** Opening INPUT DATA block **

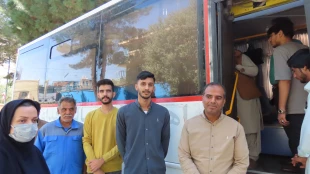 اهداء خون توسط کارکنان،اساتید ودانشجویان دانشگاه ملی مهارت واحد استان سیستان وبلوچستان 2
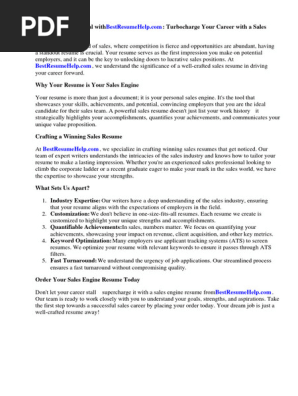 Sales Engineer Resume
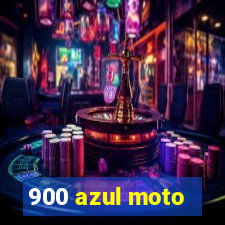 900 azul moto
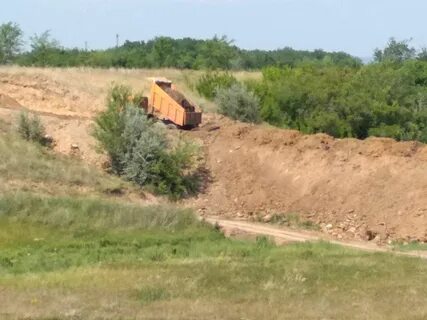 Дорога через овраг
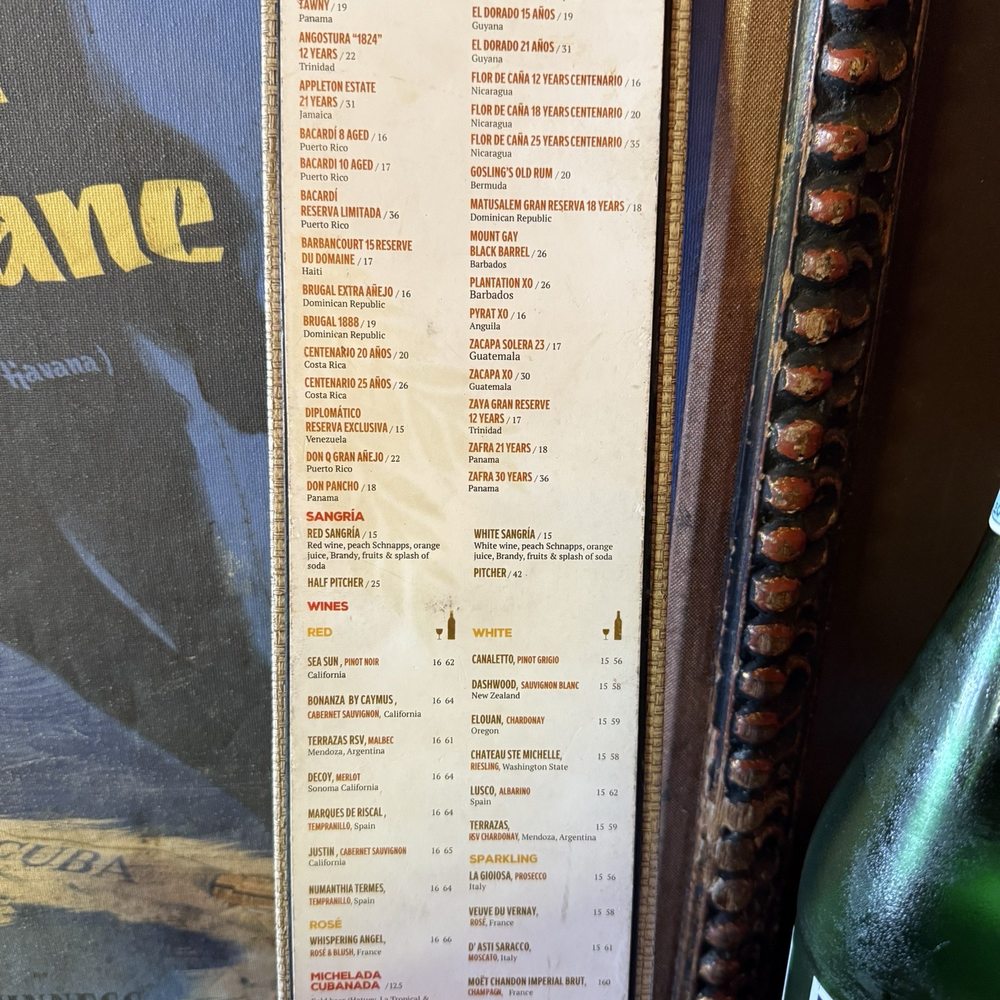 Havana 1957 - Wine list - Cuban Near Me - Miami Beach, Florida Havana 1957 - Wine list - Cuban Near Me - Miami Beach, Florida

** Closing INPUT DATA block **
** Opening INPUT DATA block **

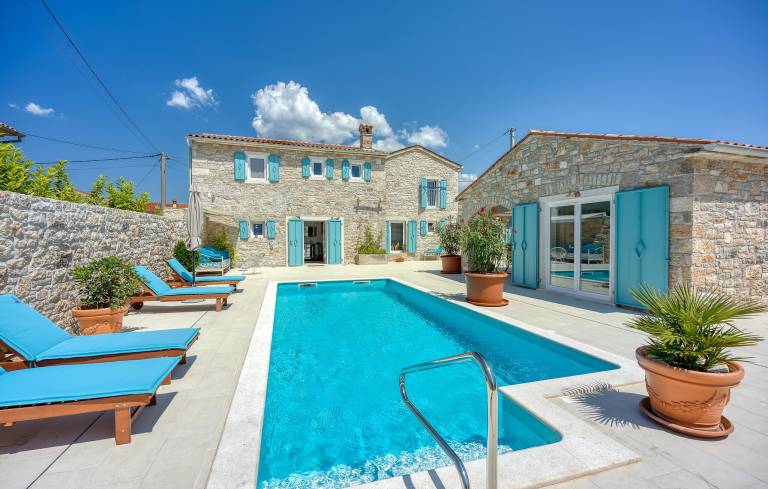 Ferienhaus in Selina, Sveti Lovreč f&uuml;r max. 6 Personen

** Closing INPUT DATA block **
** Opening INPUT DATA block **

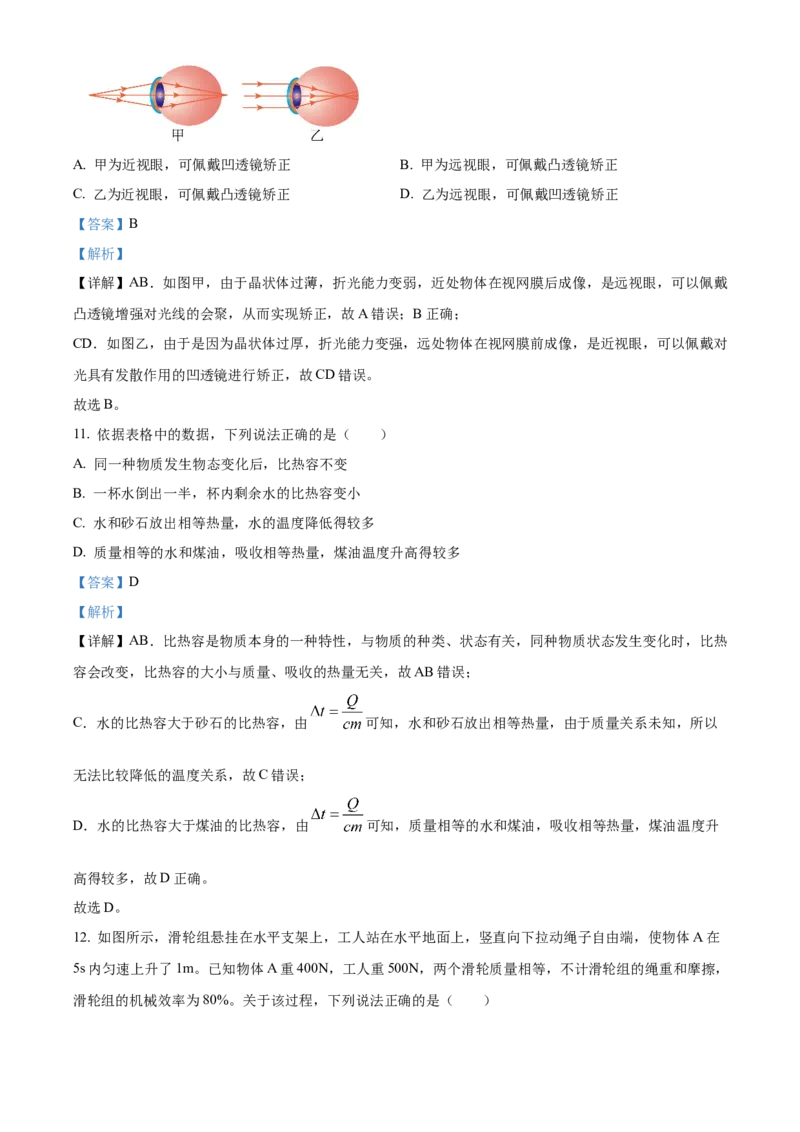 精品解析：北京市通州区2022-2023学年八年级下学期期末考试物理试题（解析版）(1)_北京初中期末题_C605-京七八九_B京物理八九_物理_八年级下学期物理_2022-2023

** Closing INPUT DATA block **

*WHAT YOU WILL DO*. Return exactly the part of the listing above that opens with the line containing "اهداء خون توسط" and closes with the line containing "Beach, Florida Havana". Pictures stay out.

*ANSWER BOX*.
 اهداء خون توسط کارکنان،اساتید ودانشجویان دانشگاه ملی مهارت واحد استان سیستان وبلوچستان 2
 Sales Engineer Resume
 900 azul moto
 Дорога через овраг
 Havana 1957 - Wine list - Cuban Near Me - Miami Beach, Florida Havana 1957 - Wine list - Cuban Near Me - Miami Beach, Florida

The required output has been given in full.